#### Problem details
The line containing "Após 3 dias" and every line after it, through the end of the material: copy these exactly and nothing else, leaving pictures out.

#### Data for this exercise
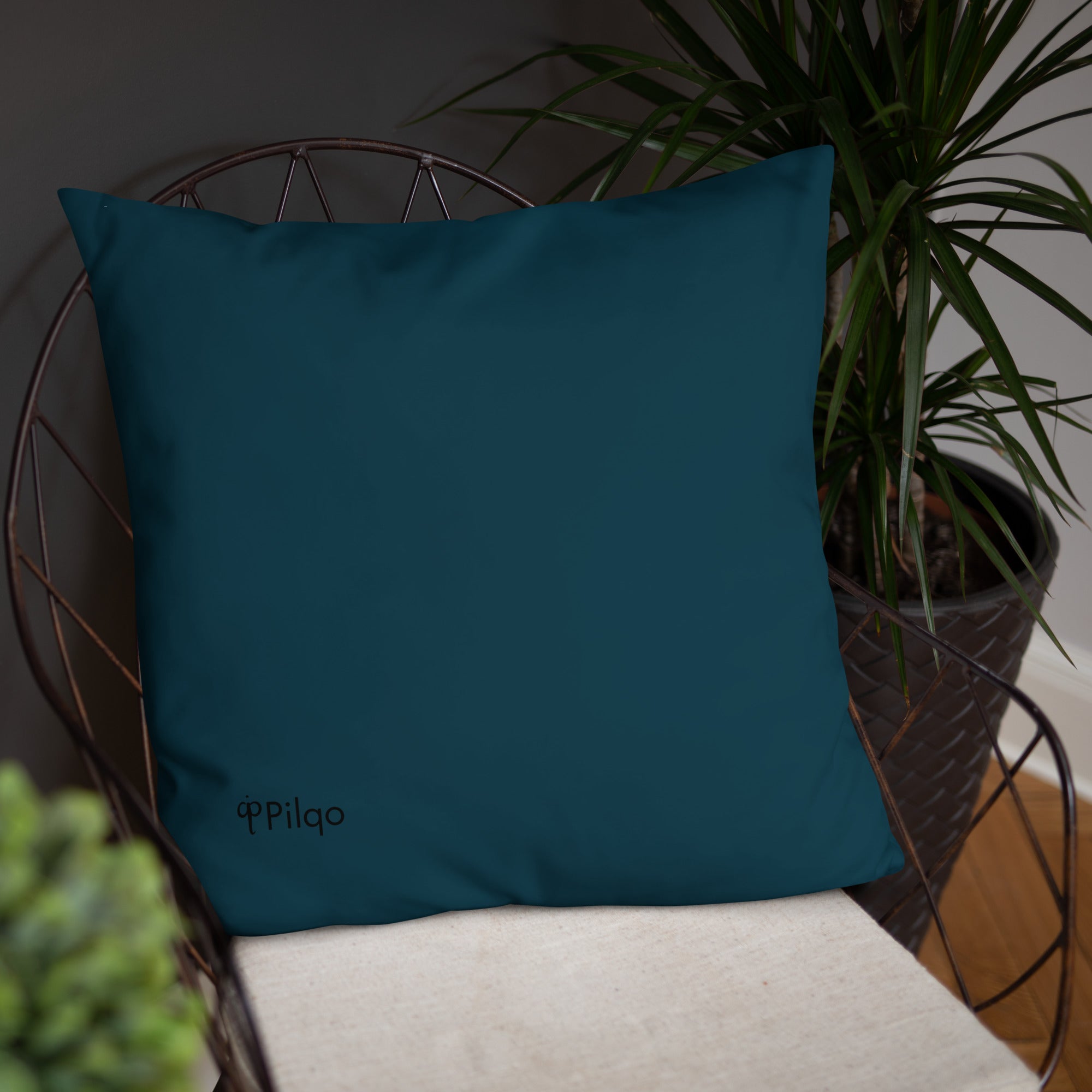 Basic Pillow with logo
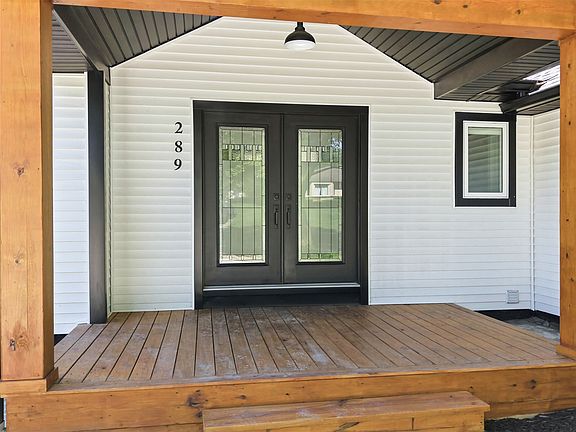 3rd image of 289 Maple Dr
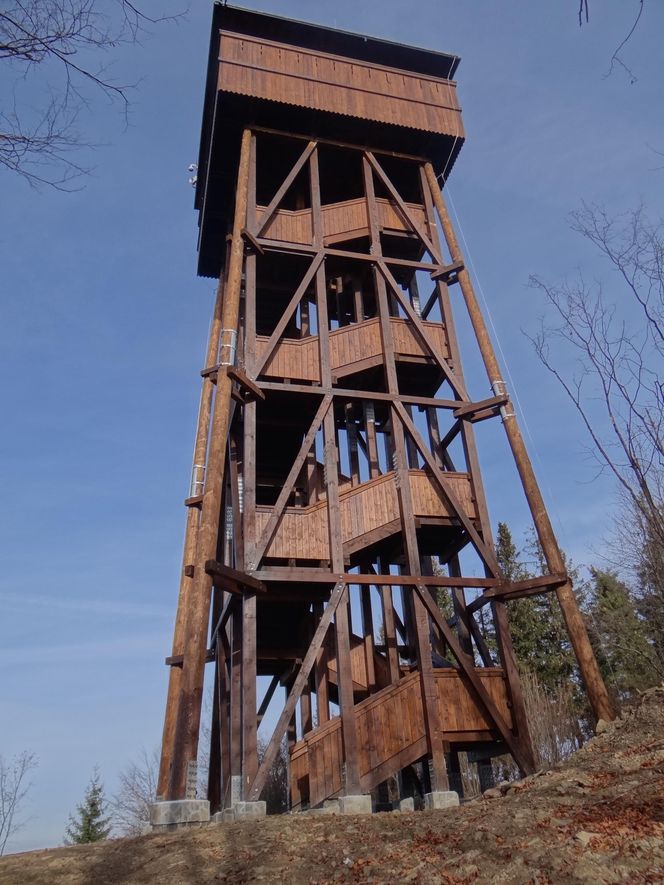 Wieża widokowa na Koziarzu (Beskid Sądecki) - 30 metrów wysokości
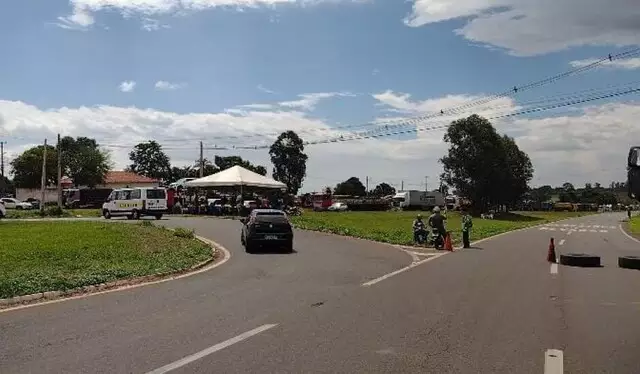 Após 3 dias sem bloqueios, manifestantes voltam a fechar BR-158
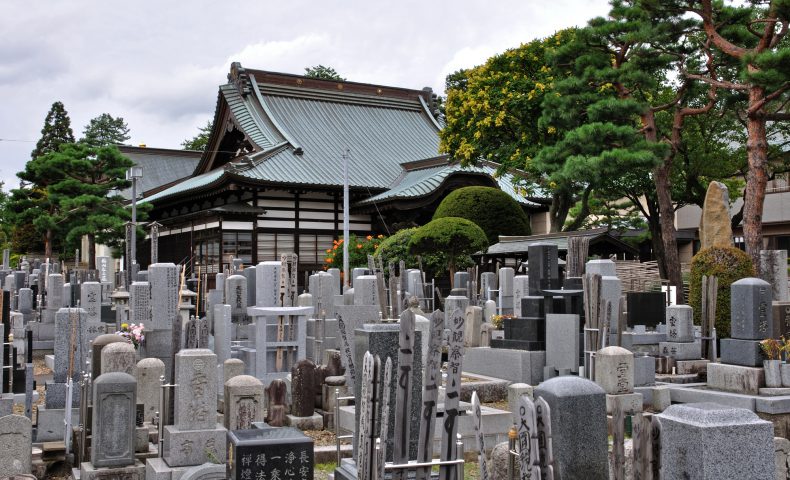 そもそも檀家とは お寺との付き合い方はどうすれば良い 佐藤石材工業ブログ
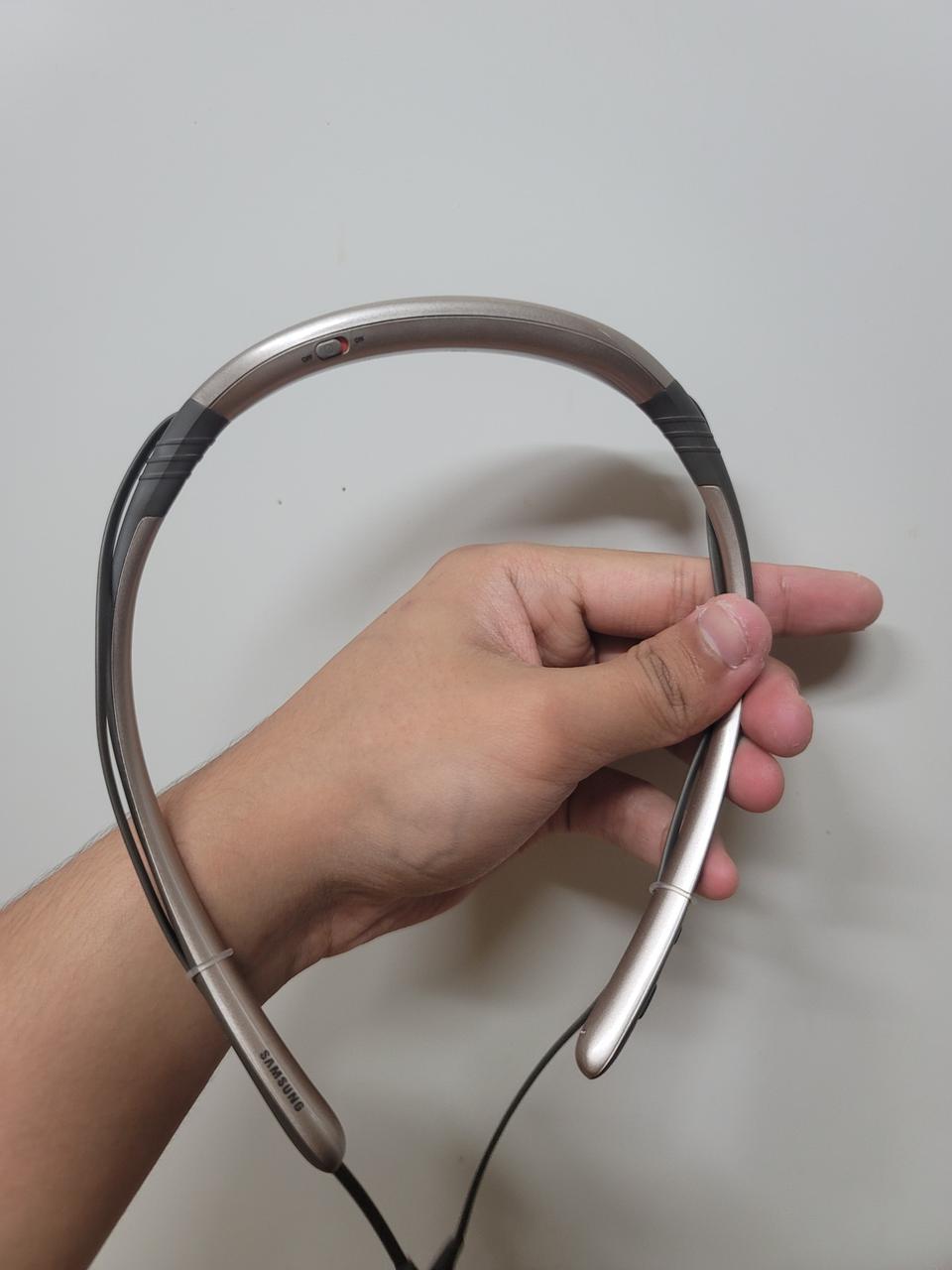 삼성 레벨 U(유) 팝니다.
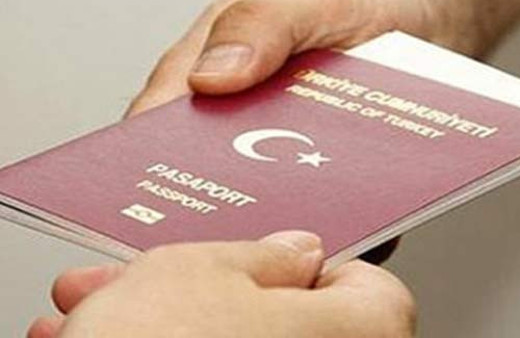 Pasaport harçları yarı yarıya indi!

#### Response below
 Após 3 dias sem bloqueios, manifestantes voltam a fechar BR-158
 そもそも檀家とは お寺との付き合い方はどうすれば良い 佐藤石材工業ブログ
 삼성 레벨 U(유) 팝니다.
 Pasaport harçları yarı yarıya indi!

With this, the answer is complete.